E-discovery is not a simple document swap like its paper counterpart. The fragile nature of digital evidence requires more careful consideration of a document's authenticity as well as its relevance to the issues being considered.
In addition, a digital document as well as its storage media typically contains far more data about that document than is presented to the user when simply viewing it. Thus, there is much more available to be considered.
The additional data contained by digital documents and their storage media is called metadata. There are essentially two types of metadata; application and system metadata.
Application metadata is found within the document itself. It is created by the application that is used to create and manage the documents and can include information about the author, organization, create date and last modified date. There are many ways that application metadata can be used to enhance the usefulness of digital evidence. (see, Metadata Molds E-discovery Practices)
The other kind of metadata is known as system medata. System metadata is created by the computer system on which documents are managed. System metadata provides context to the documents found on a particular media. For example, metadata may explain when and how often a document was used. In addition, their existence can help to authenticate a document and its usage or highlight data hiding and spoliation schemes. (see Computer Forensics and the Judicial Arms Race)

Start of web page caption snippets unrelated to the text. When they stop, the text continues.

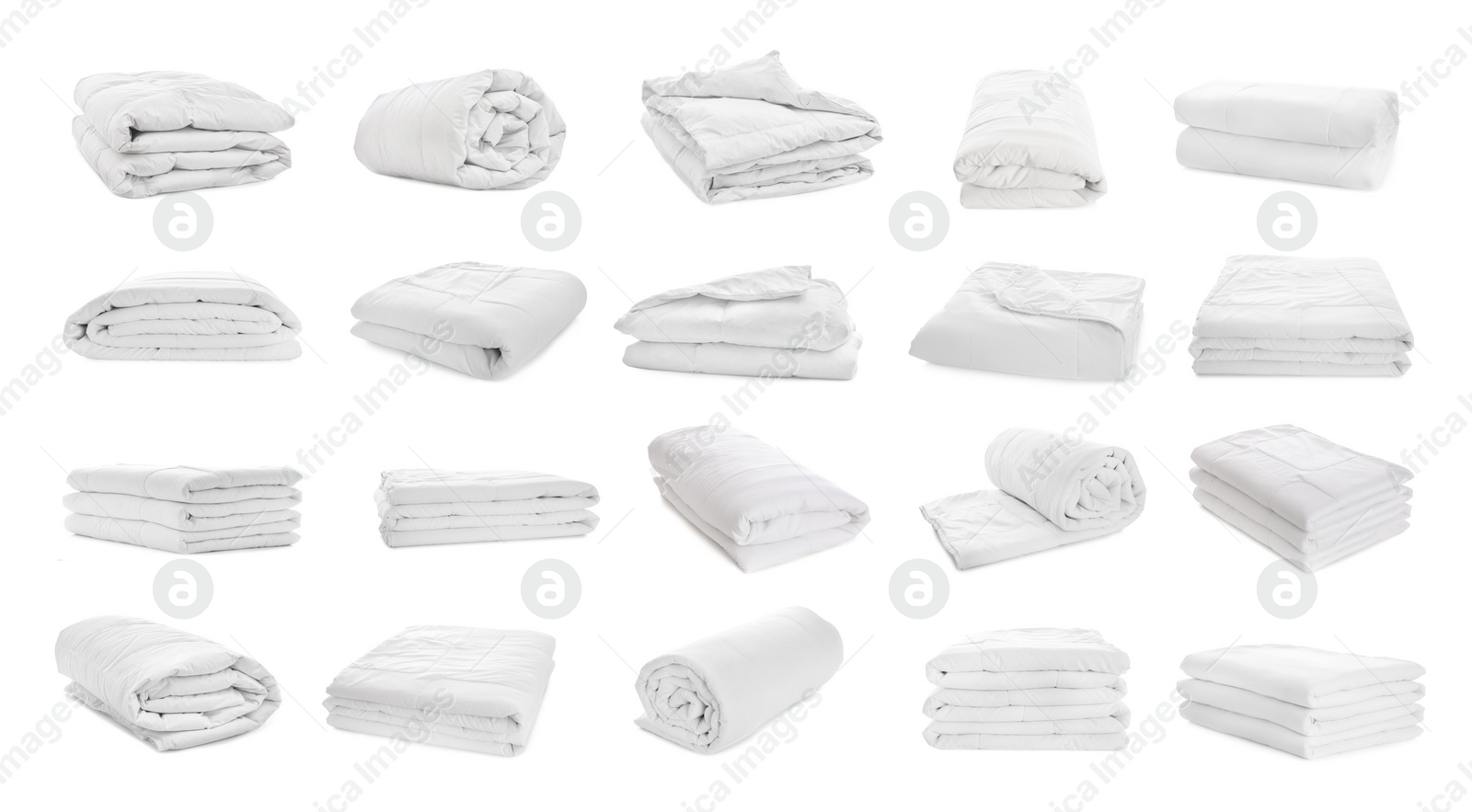 Image of Set of clean blankets isolated on white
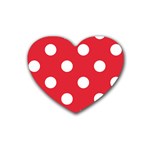 Polka Dots - White on Alizarin Red Heart Coaster (4 pack)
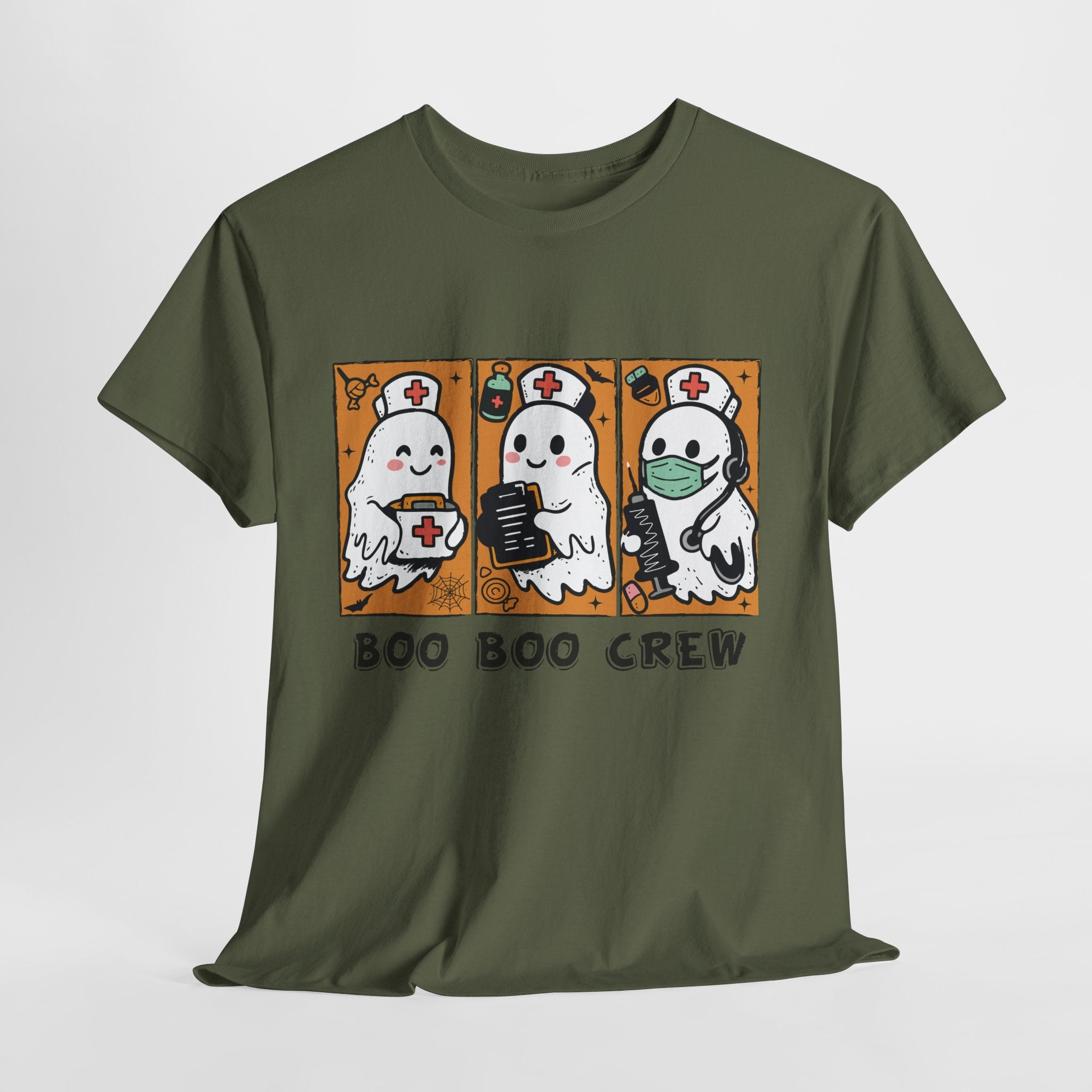 Halloween Nurse T-Shirt — Ghost Nurses Holding Medical Tools on Orange Unisec Cotton Tee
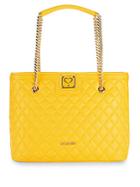 Love Moschino Quilted Chain Faux Leather Tote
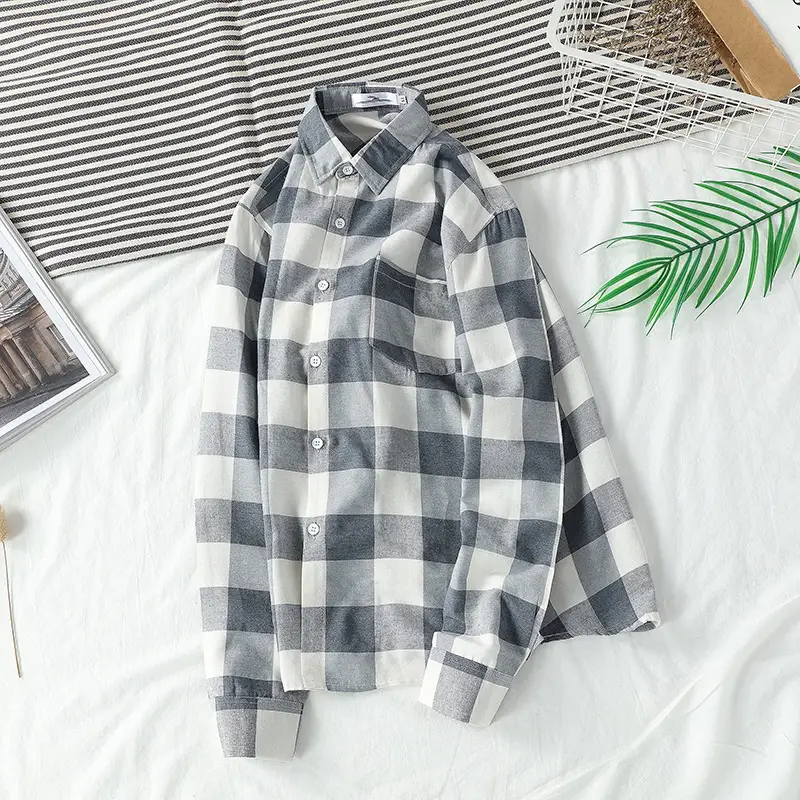 Men's Korean-style Plaid Long Sleeve Shirt
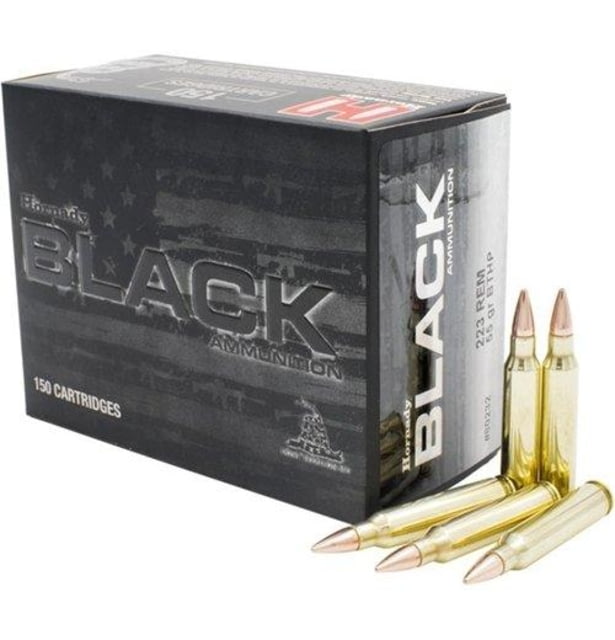 Hornady Black Rifle Ammo .223 55gr BTHP 3240 fps 150/ct - Hornady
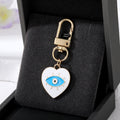 Gold Tone Heart Enamel Lash Evil Eye Clip Keychains view 6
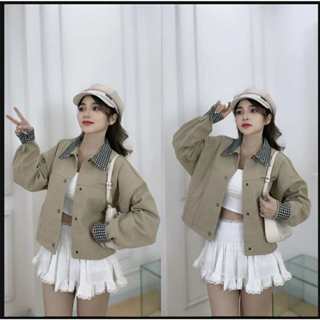  Áo khoác KAKI cổ bẻ phối sọc cổ và Tay Áo Áo phong cách hongkong áo khoác kaki nữ phối cổ tay kẻ caro 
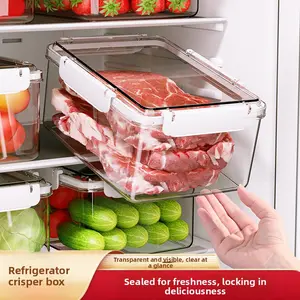 Food-Grade Square Fresh-Keeping Box for Refrigerator Fruit Kitchen Microwave Safe Transparent Sealed Container for Adults Heating Vegetables Frozen Meat outdoorfun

System metadata is found in files that are separate and distinct from the documents themselves. As a result, system metadata may reside long after the document itself has disappeared and even when the document resided on a different media. It also means that to fully understand a document, users should request system metadata along with the document itself.
There are numerous types of system metadata. A full discussion of system metadata sources is beyond this article. Thus, to fully exploit the full benefits of system metadata one should consult with a forensic expert. For illustrative purposes the benefits of file system information, event logs, file pointers, and deleted file data are discussed in the following sections.

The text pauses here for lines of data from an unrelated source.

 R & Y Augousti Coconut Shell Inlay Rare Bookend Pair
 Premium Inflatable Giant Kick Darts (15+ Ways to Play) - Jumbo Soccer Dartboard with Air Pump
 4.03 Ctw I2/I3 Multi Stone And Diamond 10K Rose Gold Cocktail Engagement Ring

If computer documents are like books in a library then the file system is like the card catalog. The file system, therefore, contains various attributes about the files on a computer such as names, locations, types, and date stamps.

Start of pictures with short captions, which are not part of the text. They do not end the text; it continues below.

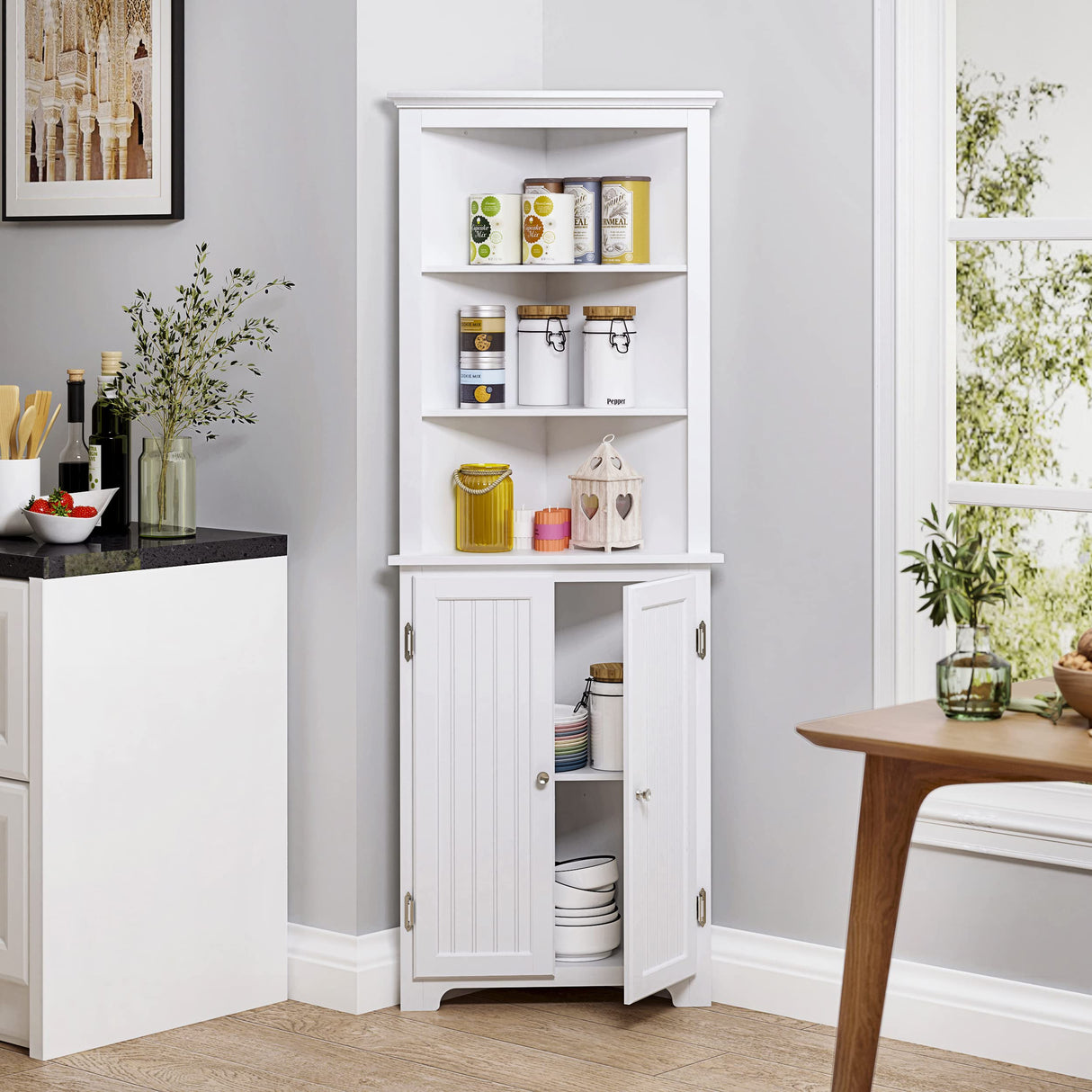 Tall Bathroom Corner Cabinet, Slim Floor Storage Bathroom Cabinet with Doors and Hutch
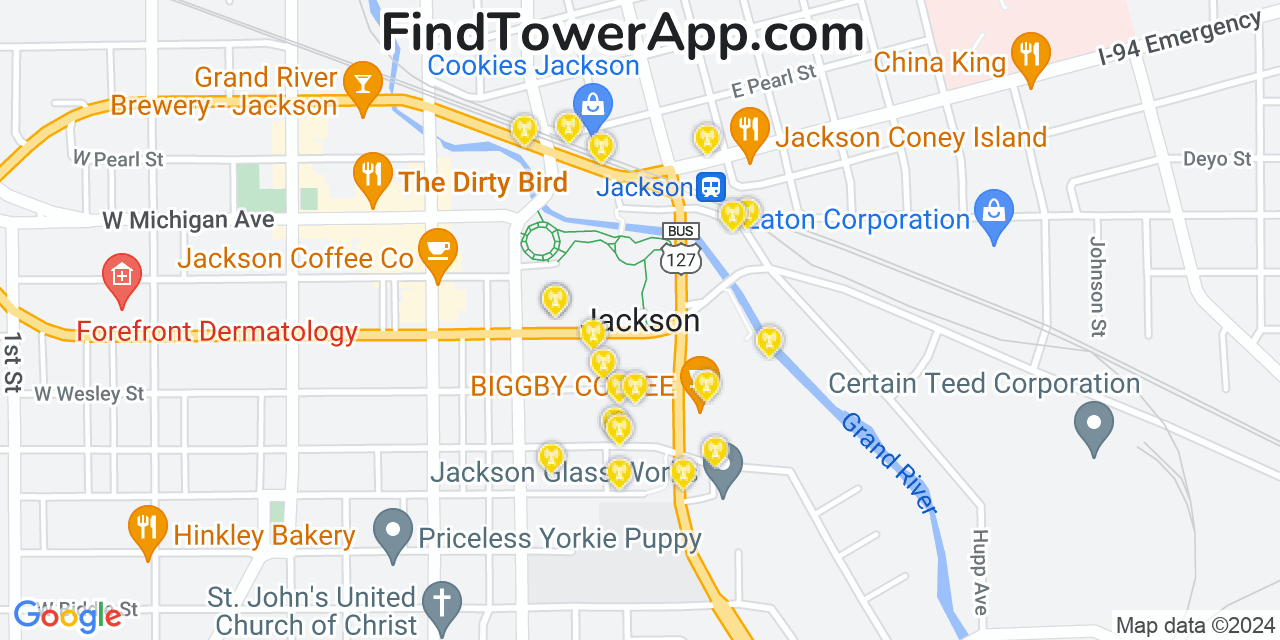 AT&T 4G/5G cell tower coverage map Jackson, Michigan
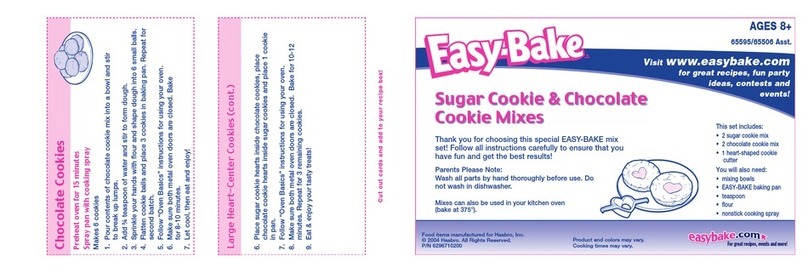 Hasbro Easy Bake Sugar Cookie and Chocolate Cookie... instructions Hasbro Easy Bake Sugar Cookie and Chocolate Cookie... instructions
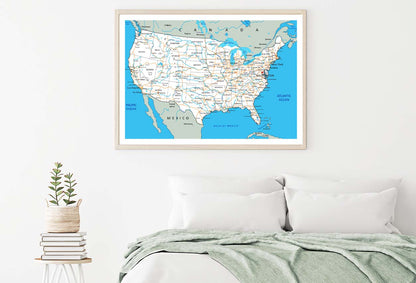 High Detailed USA Road Map Home Decor Premium Quality Poster Print Choose Your Sizes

Examining file system information can reveal many things about the data on a storage media such as;
Event logs are created by the operating system. Event logs created by the operating system are lists reflecting that certain actions occurred. In addition to logs created by the operating system, various programs may also create their own kind of logs that also memorialize what functions were run by those programs and the result of those operations.
In addition to the activities captured by these logs they often also captre the date and time when the activities occurred. When these date stamps are ordered in the sequence that they were entered in the event log it is possible for analysts to spot out-of-sequence date stamps and instances when the system clock has been changed.
Reviewing all of these logs can reveal a lot about how a computer has been used and whether for good or for bad. In addition, reviewing event logs are important system metadata that not only shows how the computer was used but whether there are any instances when date stamps should be considered suspect. As a result, event log system metadata can betray spoliation schemes as well as other weaknesses in date stamp reliability.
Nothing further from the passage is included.